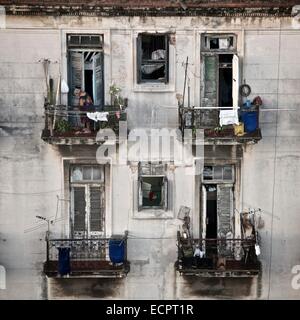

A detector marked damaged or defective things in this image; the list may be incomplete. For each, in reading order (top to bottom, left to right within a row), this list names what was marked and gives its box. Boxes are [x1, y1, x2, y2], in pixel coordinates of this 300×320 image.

broken window [67, 34, 104, 106]
broken window [138, 33, 170, 84]
broken window [200, 33, 240, 126]
broken window [70, 165, 105, 238]
broken window [139, 162, 169, 210]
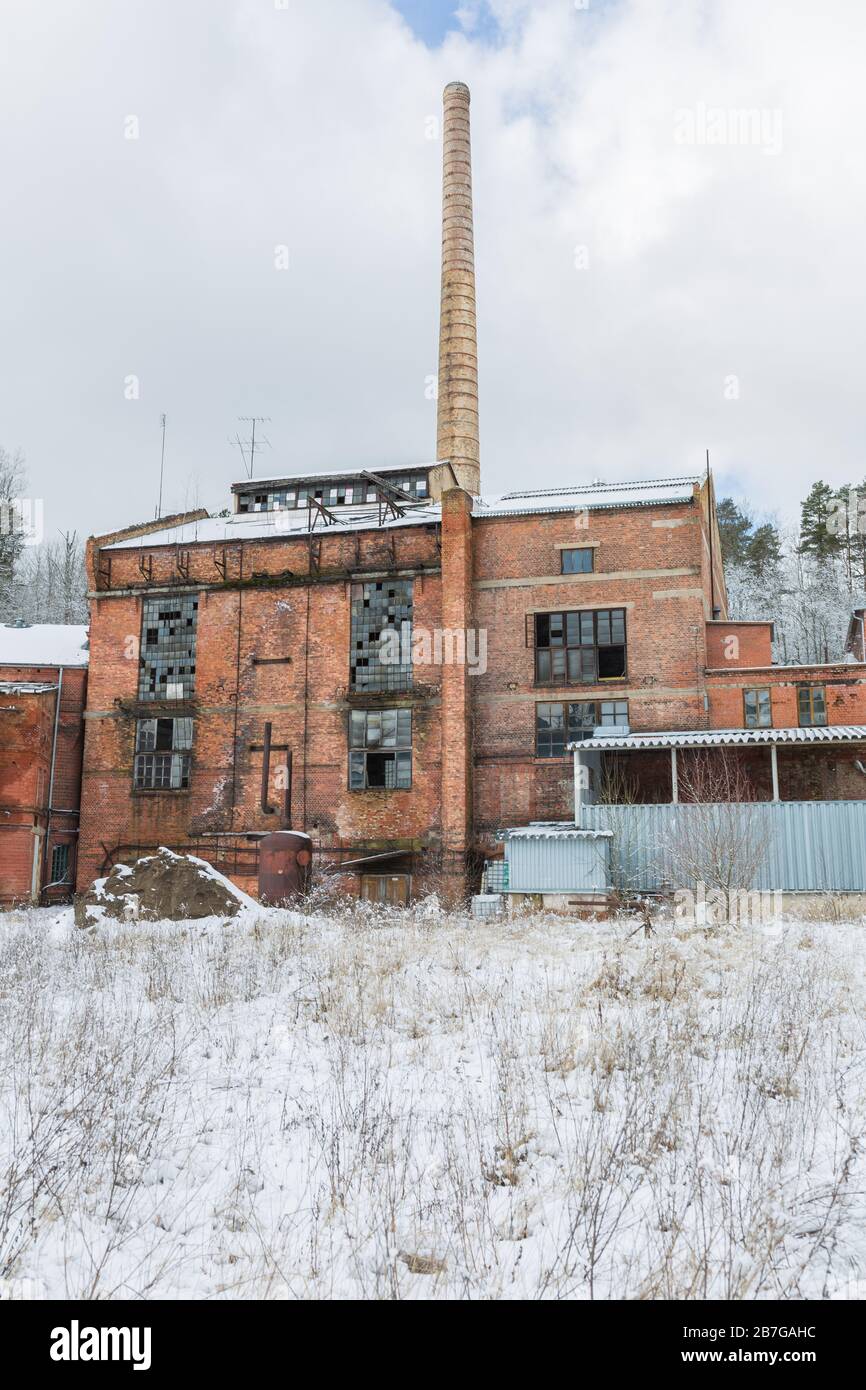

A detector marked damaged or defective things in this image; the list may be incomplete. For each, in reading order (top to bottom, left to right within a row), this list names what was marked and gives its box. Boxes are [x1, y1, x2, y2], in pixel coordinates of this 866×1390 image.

broken window [560, 548, 592, 572]
broken window [138, 600, 197, 708]
broken window [348, 580, 412, 692]
broken window [528, 612, 624, 688]
broken window [133, 724, 192, 788]
broken window [348, 712, 412, 788]
broken window [532, 700, 628, 756]
broken window [744, 684, 768, 728]
broken window [796, 684, 824, 728]
rusty metal barrel [258, 832, 312, 908]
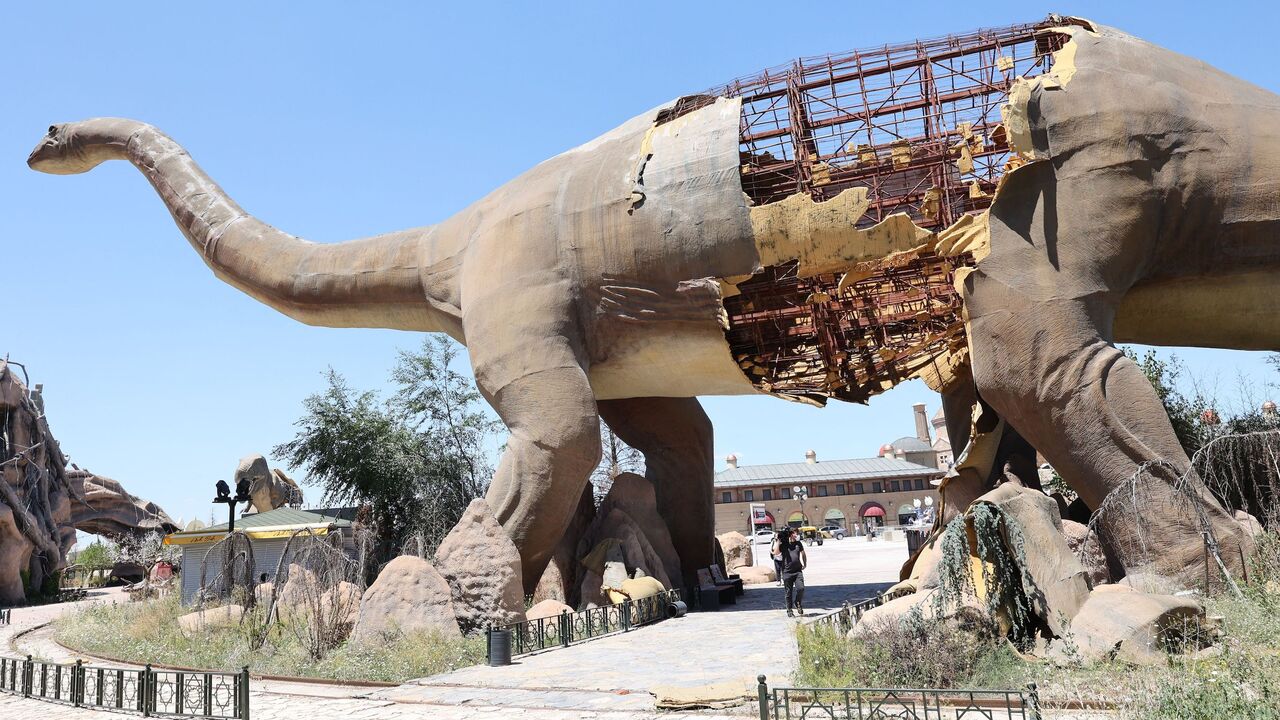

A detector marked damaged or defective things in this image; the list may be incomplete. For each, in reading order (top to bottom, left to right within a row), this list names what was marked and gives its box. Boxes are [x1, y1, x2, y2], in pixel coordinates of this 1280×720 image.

rusted steel scaffolding [716, 19, 1075, 404]
damaged sculpture surface [1, 358, 174, 599]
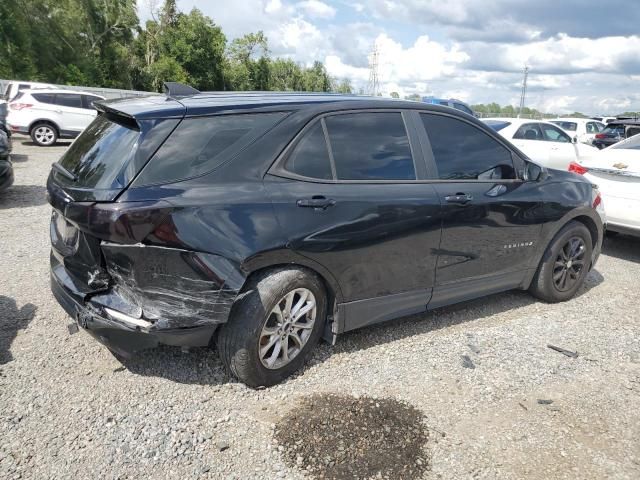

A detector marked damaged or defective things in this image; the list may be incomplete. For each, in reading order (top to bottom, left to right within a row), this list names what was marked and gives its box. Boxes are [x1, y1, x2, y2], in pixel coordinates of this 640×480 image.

damaged bumper [50, 244, 244, 356]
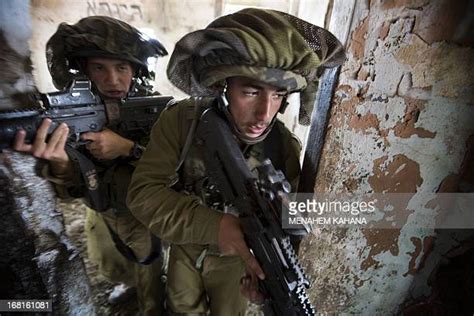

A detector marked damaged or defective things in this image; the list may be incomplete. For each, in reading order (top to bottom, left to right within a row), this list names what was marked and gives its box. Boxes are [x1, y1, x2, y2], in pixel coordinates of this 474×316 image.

wall with peeling paint [302, 0, 474, 312]
cracked wall surface [302, 0, 474, 314]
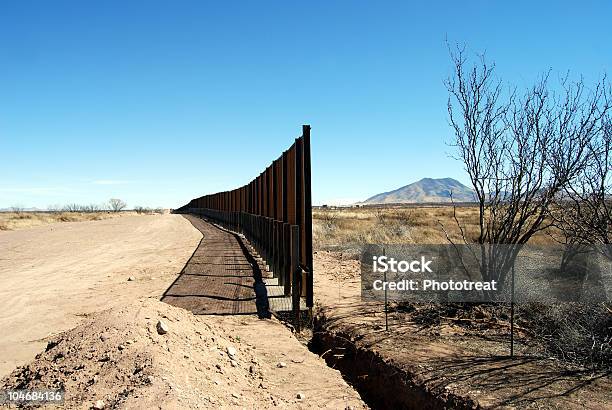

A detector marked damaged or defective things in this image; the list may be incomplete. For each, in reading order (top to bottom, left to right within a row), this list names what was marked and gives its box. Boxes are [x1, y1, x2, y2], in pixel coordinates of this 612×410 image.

rusty metal fence [175, 124, 314, 314]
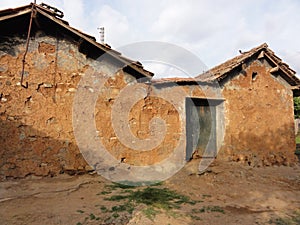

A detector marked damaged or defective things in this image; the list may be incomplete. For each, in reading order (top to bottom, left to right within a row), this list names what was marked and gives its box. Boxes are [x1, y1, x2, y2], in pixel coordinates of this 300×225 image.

cracked mud wall [219, 59, 296, 166]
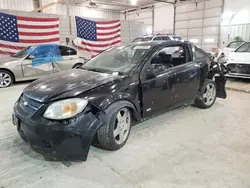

= = =

▶ Work order: Please retype only the lines from the line that holds "this 612×410 image." through the end of the records, exactly as they stand, and drop every picture.

▶ Exercise output:
A detector marked damaged or defective things in this image; the list may be incomplete. For each, in reading order (top to bottom, left to right within a row), this list names what was marked and gives its box. Boxes are [x1, y1, x2, y2], in pixel coordinates of this 612×410 image.

rusty metal fence [175, 124, 314, 314]

A detector marked damaged or defective things in this image; the list may be incomplete. For each, in reading order (top to bottom, left to right within a row), this list names what was marked and gives its box. Boxes are [x1, y1, x2, y2], in pixel coordinates of this 300×225 image.

cracked mud wall [219, 59, 296, 166]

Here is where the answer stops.